L’articolo di Nelson Page riportato in apertura da “Andere-Denken” è un po’ involuto, ma il dibattito che segue colpisce per la varietà delle voci, da Alfredo Cattabiani ad Augusto Del Noce, da Julius Evola a Quirino Principe, ma anche, ahimè, perché molte delle doglianze espresse dagli intervistati sono valide ancora oggi. L’egemonia della cultura di sinistra, nonostante il crollo del comunismo, anzi, soprattutto dopo di esso, si è per certi aspetti rafforzata e la destra non può contare nemmeno su quelle case editrici, come Volpe, Il Borghese e soprattutto la Rusconi Libri di Cattabiani, che in quel primo scorcio degli anni ’70 erano accusate di aver avviato un’opera di “restaurazione culturale”.

Il numero della rivista prosegue con una scelta di testi eterogenei, miranti a fornire materiali per la ricomposizione di un pensiero di destra (in certi casi di estrema destra) in molti casi dimenticato. Alcuni di essi risalgono agli anni ’70, come l’intervista su “Linea” di Pino Rauti e Alessandro Di Pietro a Konrad Lorenz, altri sono recentissimi, come i colloqui con De Benoist e Jean Raspail.

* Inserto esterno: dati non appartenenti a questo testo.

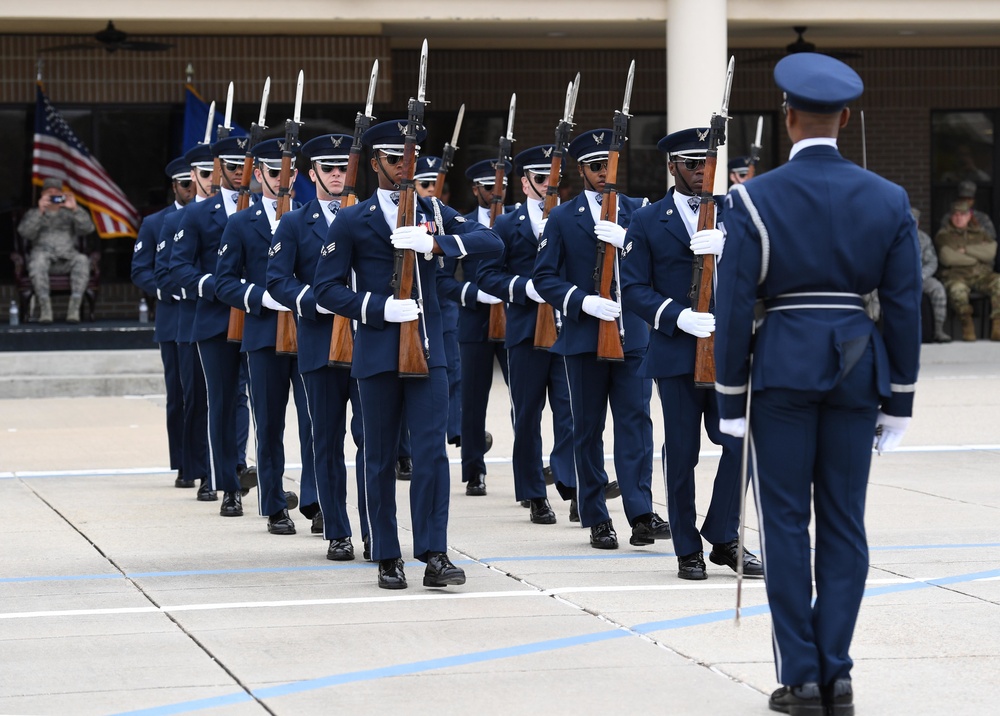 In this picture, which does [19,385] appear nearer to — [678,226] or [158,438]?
[158,438]

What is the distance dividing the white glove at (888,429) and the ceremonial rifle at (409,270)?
236 centimetres

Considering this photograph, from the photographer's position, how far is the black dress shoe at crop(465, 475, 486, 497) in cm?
1078

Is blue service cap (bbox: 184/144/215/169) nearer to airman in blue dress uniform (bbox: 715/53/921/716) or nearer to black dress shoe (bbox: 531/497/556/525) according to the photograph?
black dress shoe (bbox: 531/497/556/525)

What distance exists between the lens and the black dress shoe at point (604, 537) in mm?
8516

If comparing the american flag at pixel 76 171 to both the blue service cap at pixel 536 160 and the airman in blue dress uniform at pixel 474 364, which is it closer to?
the airman in blue dress uniform at pixel 474 364

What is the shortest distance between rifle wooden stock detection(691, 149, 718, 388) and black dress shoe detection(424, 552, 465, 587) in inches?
52.4

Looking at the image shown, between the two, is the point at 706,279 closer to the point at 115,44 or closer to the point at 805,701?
the point at 805,701

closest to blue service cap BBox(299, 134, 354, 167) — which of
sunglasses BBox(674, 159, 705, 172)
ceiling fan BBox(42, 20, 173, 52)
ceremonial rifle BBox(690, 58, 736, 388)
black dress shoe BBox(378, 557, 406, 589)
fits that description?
sunglasses BBox(674, 159, 705, 172)

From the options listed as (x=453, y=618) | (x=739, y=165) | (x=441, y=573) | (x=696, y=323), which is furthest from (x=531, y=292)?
(x=739, y=165)

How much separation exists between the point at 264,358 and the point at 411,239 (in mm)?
2245

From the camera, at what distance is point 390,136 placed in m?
7.49

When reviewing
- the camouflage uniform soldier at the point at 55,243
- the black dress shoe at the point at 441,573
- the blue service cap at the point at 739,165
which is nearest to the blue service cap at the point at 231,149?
the black dress shoe at the point at 441,573

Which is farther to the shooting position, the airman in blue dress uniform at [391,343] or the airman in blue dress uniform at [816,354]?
the airman in blue dress uniform at [391,343]

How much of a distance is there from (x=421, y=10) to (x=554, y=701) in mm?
13905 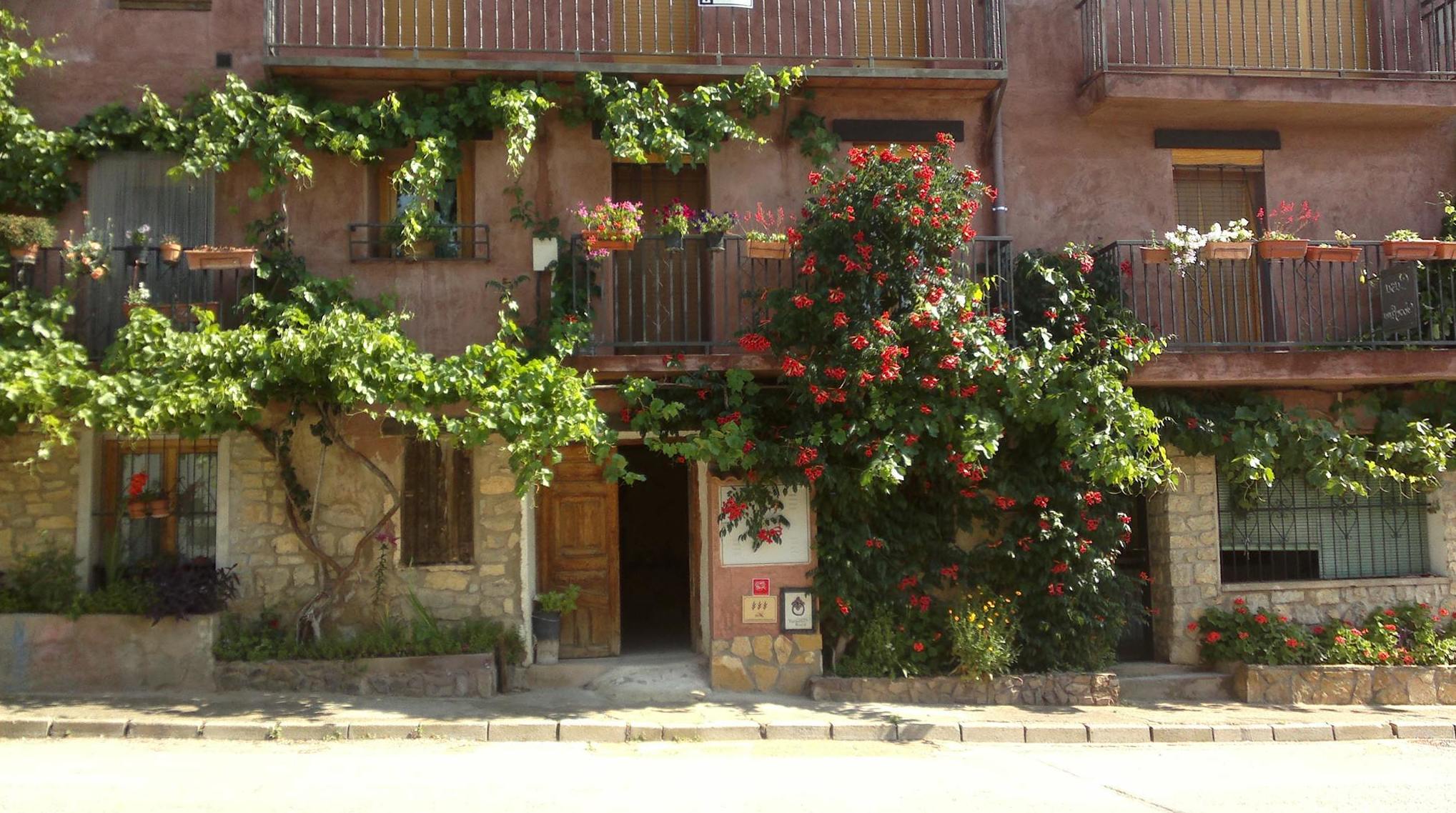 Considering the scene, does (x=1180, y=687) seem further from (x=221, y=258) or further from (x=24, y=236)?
(x=24, y=236)

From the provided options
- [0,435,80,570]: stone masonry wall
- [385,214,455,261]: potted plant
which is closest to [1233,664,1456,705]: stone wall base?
[385,214,455,261]: potted plant

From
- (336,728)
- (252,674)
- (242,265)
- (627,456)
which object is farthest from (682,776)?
(242,265)

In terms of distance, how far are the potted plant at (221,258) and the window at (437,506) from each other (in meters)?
2.18

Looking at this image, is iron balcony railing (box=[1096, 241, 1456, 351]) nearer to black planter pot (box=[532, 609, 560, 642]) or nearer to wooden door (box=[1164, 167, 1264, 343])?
wooden door (box=[1164, 167, 1264, 343])

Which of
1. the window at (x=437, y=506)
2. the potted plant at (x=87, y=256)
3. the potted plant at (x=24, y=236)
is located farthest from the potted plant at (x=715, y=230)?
the potted plant at (x=24, y=236)

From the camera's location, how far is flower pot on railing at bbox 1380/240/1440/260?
10.6m

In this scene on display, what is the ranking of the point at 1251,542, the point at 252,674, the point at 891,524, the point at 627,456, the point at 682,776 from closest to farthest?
the point at 682,776, the point at 252,674, the point at 891,524, the point at 1251,542, the point at 627,456

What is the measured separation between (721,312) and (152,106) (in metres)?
5.62

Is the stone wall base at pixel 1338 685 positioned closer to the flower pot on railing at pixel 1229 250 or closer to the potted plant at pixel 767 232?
the flower pot on railing at pixel 1229 250

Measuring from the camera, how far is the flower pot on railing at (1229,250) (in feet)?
33.6

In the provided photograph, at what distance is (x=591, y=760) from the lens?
7859 mm

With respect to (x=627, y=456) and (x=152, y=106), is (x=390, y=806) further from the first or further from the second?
(x=152, y=106)

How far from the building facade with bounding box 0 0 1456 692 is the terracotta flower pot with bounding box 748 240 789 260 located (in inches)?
12.2

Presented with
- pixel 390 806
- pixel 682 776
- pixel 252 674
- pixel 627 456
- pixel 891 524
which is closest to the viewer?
pixel 390 806
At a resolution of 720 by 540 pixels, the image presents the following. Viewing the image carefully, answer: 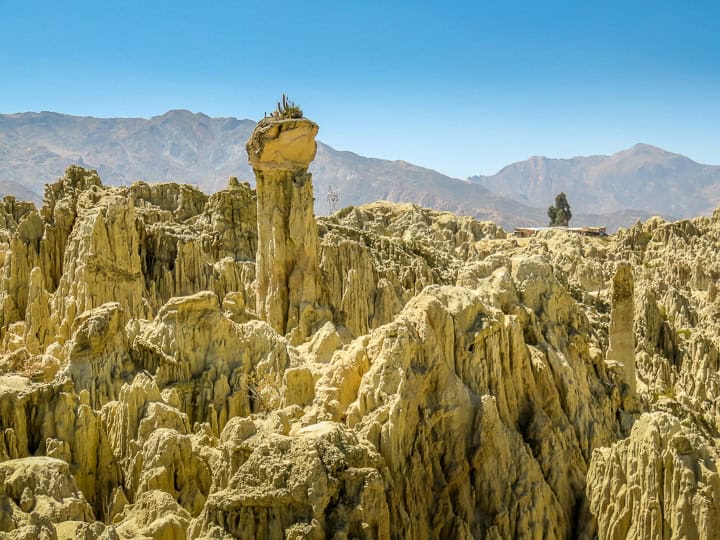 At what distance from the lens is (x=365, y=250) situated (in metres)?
42.4

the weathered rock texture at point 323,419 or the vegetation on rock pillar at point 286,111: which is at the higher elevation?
the vegetation on rock pillar at point 286,111

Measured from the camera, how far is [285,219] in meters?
29.0

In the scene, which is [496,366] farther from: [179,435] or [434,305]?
[179,435]

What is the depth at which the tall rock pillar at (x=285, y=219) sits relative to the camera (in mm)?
28641

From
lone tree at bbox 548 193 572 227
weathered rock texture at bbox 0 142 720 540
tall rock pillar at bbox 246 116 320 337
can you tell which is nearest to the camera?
weathered rock texture at bbox 0 142 720 540

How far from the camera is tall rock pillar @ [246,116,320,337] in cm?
2864

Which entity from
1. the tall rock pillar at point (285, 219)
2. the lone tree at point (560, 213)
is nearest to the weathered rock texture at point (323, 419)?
the tall rock pillar at point (285, 219)

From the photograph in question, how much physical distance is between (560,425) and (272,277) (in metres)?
13.8

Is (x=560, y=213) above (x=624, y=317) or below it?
above

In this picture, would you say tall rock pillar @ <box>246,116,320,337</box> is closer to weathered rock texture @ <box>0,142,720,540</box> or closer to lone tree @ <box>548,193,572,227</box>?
weathered rock texture @ <box>0,142,720,540</box>

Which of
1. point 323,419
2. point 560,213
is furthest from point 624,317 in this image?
point 560,213

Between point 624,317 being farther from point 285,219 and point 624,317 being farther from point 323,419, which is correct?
point 323,419

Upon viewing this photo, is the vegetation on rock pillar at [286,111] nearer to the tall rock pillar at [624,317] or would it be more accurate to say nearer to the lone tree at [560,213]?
the tall rock pillar at [624,317]

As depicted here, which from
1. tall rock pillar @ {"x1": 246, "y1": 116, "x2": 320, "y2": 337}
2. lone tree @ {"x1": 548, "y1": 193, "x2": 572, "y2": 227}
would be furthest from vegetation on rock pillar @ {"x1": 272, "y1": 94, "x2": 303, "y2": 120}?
lone tree @ {"x1": 548, "y1": 193, "x2": 572, "y2": 227} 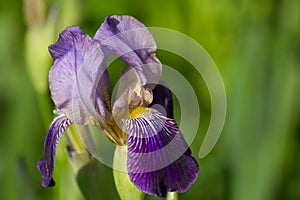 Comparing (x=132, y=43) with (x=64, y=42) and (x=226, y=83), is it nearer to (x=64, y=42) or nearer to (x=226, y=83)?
(x=64, y=42)

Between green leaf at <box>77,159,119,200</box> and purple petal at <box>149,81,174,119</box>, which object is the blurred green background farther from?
purple petal at <box>149,81,174,119</box>

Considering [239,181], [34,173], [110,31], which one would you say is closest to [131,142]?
[110,31]

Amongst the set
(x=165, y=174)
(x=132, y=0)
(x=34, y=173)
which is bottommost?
(x=34, y=173)

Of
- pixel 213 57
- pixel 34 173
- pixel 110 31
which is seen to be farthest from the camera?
Result: pixel 213 57

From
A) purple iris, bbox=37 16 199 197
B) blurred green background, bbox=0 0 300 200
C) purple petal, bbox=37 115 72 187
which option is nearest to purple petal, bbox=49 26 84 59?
purple iris, bbox=37 16 199 197

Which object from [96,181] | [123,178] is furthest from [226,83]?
[123,178]

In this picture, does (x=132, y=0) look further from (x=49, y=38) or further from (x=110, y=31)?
(x=110, y=31) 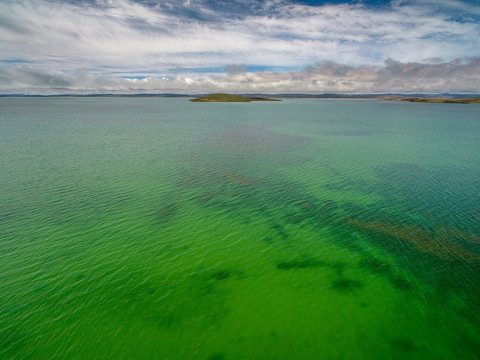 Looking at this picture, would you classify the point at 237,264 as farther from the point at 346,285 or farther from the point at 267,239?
the point at 346,285

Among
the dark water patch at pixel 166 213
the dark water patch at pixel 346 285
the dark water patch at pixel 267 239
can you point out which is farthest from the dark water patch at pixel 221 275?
the dark water patch at pixel 166 213

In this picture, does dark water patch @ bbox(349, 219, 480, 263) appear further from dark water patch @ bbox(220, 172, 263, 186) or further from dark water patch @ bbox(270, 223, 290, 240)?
dark water patch @ bbox(220, 172, 263, 186)

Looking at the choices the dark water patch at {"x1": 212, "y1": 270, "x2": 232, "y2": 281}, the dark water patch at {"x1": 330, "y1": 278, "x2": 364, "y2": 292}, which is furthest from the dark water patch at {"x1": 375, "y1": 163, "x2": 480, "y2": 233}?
the dark water patch at {"x1": 212, "y1": 270, "x2": 232, "y2": 281}

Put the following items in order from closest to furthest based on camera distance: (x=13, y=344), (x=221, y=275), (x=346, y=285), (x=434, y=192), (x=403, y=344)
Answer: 1. (x=13, y=344)
2. (x=403, y=344)
3. (x=346, y=285)
4. (x=221, y=275)
5. (x=434, y=192)

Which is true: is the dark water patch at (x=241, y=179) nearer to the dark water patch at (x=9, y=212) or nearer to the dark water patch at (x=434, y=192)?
the dark water patch at (x=434, y=192)

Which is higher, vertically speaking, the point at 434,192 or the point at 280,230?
the point at 280,230

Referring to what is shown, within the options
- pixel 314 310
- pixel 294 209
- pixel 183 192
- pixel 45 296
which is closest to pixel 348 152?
pixel 294 209

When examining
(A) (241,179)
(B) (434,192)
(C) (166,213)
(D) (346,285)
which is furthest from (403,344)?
(A) (241,179) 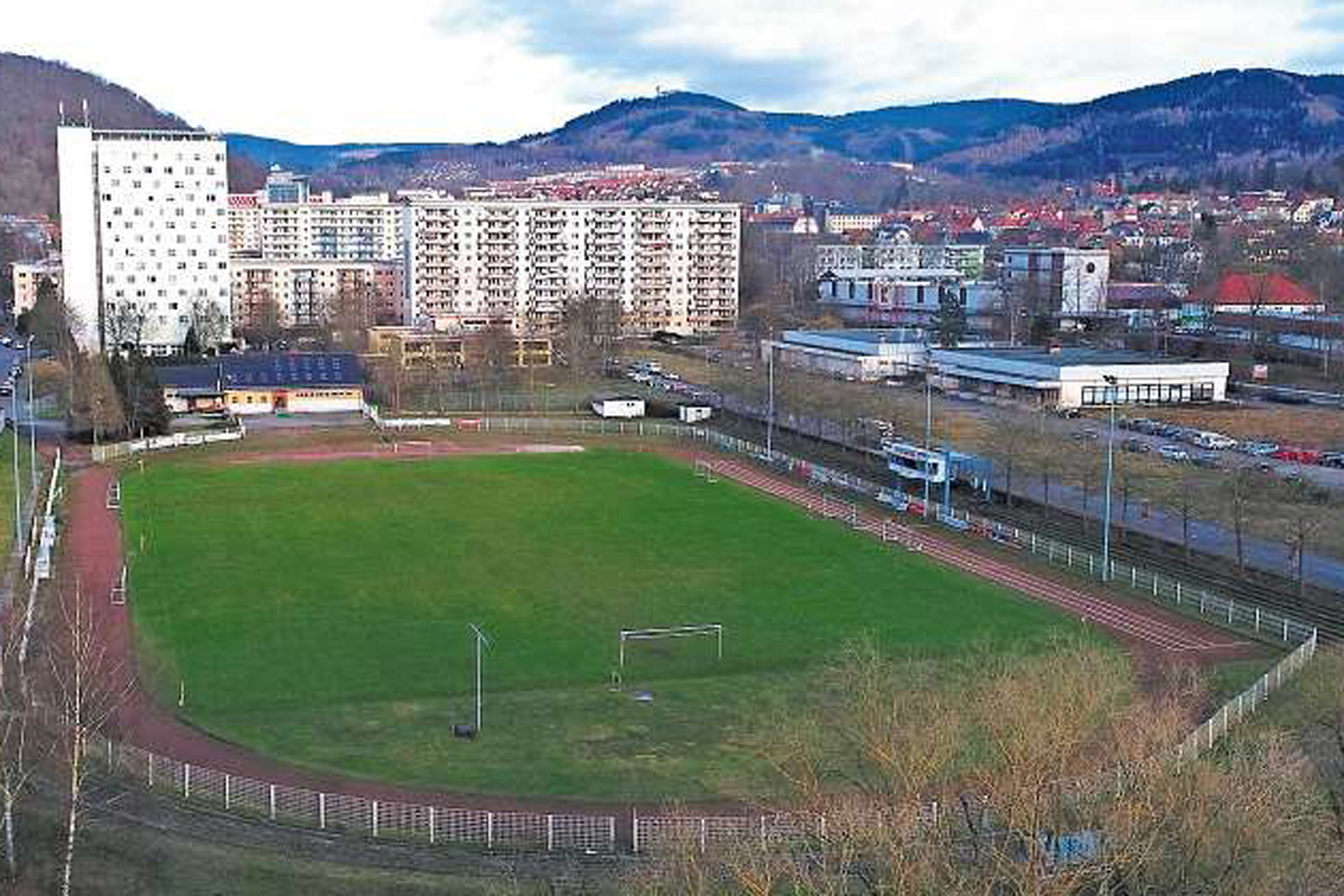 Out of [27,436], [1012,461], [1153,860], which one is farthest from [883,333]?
[1153,860]

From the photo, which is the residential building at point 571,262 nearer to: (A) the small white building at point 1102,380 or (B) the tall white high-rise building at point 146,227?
(B) the tall white high-rise building at point 146,227

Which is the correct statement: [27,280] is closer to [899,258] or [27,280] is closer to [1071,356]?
[1071,356]

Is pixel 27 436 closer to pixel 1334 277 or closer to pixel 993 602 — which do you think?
pixel 993 602

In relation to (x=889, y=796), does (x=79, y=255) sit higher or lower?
higher

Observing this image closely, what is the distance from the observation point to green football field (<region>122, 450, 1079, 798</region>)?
19469 mm

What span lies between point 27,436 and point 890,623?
3216cm

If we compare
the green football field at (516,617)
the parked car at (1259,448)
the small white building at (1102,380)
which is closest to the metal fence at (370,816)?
the green football field at (516,617)

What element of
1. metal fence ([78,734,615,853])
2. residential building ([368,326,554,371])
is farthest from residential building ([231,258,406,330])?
metal fence ([78,734,615,853])

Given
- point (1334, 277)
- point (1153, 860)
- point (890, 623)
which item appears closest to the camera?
point (1153, 860)

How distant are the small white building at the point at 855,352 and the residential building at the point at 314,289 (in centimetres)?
2469

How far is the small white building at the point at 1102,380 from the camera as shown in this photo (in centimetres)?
5453

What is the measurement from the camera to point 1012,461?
37.7 metres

Cattolici e neopagani, neodestri e paleo-destri come Le Pen convivono in questi testi, non reperibili su internet e provenienti dall’archivio personale del direttore, l’architetto veronese Daniele Agnelli. Non manca nemmeno un vivace interesse per il futurismo, testimoniato, oltre che dalla copertina, da un coraggioso contributo di Paul Virillio sull’influenza sul fascismo del movimento di Marinetti, presentato nel 1986 in un convegno al Centro Pompidou.

Ho l’impressione che la rivista, con cui si può prendere contatto all’indirizzo di posta elettronica andere.denken@gmail.com, persegua almeno due obiettivi; o meglio li perseguirà, visto che quello attuale è un semplice numero zero. L’obiettivo esplicito è “far conoscere un pensiero che nella vulgata odierna è troppo spesso confinato in un ambito scomodo e altamente infiammabile di destra reazionaria”. Quello implicito, altrettanto se non più ambizioso, potrebbe essere rivendicare, contro l’effimera labilità del web, la dignità della pagina stampata. È una sfida non facile, per motivi non solo pratici ma economici. Per il momento non posso che fare gli auguri a chi l’ha lanciata ringraziandolo per avermi consentito di rivivere, con gli scritti raccolti nel primo fascicolo, alcuni dei quali avevo letto alla loro prima uscita, il fervore di idee che animarono la mia prima giovinezza. Una giovinezza alla quale, “più disingannato che rinsavito” come il Didimo Chierico del Foscolo, non posso fare a meno di guardare con una vena agrodolce di nostalgia.